Uno studio sul ginepro dimostra che il manto nevoso dura sempre meno

L’allarme di Legambiente in vista della Giornata della neve, che cade il 19 gennaio. «La pianura non può ignorare il cambiamento climatico»

La redazione
Una pianta di ginepro coperta dalla neve durante l’inverno
Una pianta di ginepro coperta dalla neve durante l’inverno

La durata del manto nevoso nell’ultimo secolo si è accorciata in media di un mese a causa del riscaldamento atmosferico di circa 2°C.

E non solo l’anno scorso, pur in presenza delle nevicate tardive della primavera. Quest’anno, in prospettiva, il fenomeno rischia di ripetersi, perché manca la “materia” per fare riserva e quella in arrivo a primavera “si scioglie come neve al sole”.

Il 19 gennaio, per chi non lo sa, è la Giornata internazionale della neve e Legambiente ha perfezionato un’analisi con la collaborazione della Fondazione Cima.

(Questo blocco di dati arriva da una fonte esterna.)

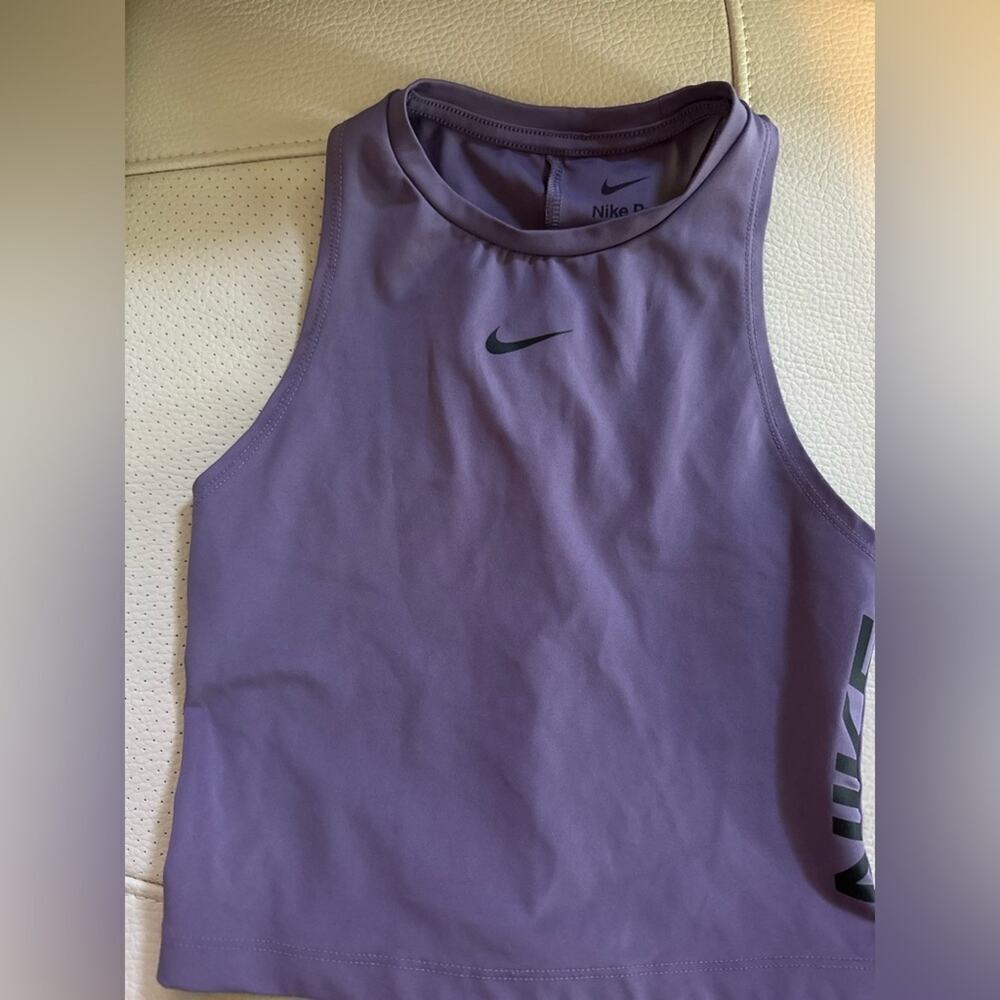 Like New- Women’s Nike Tank Top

L’Arpa Veneto ha certificato che alla fine dello scorso dicembre lo spessore del manto nevoso nelle Dolomiti era di 19 centimetri. Solo un anno fa, lo spessore del manto nevoso era di misura doppia (42). A fine 2024 la copertura nevosa sulla montagna veneta era di 1200 chilometri quadrati, un anno prima, alla stessa data, ne contava 230 in più.

Secondo uno studio pubblicato a dicembre 2024 sull’International journal of climatology, condotto da ricercatori dell’Università di Trento e dell’Eurac Research di Bolzano, sulle Alpi italiane la quantità di neve è diminuita rispetto a 100 anni fa. In particolare, tra il 1920 e il 2020, la neve è calata del 34%, con differenze marcate tra le Alpi settentrionali e quelle sudoccidentali: rispettivamente –23% e quasi –50%.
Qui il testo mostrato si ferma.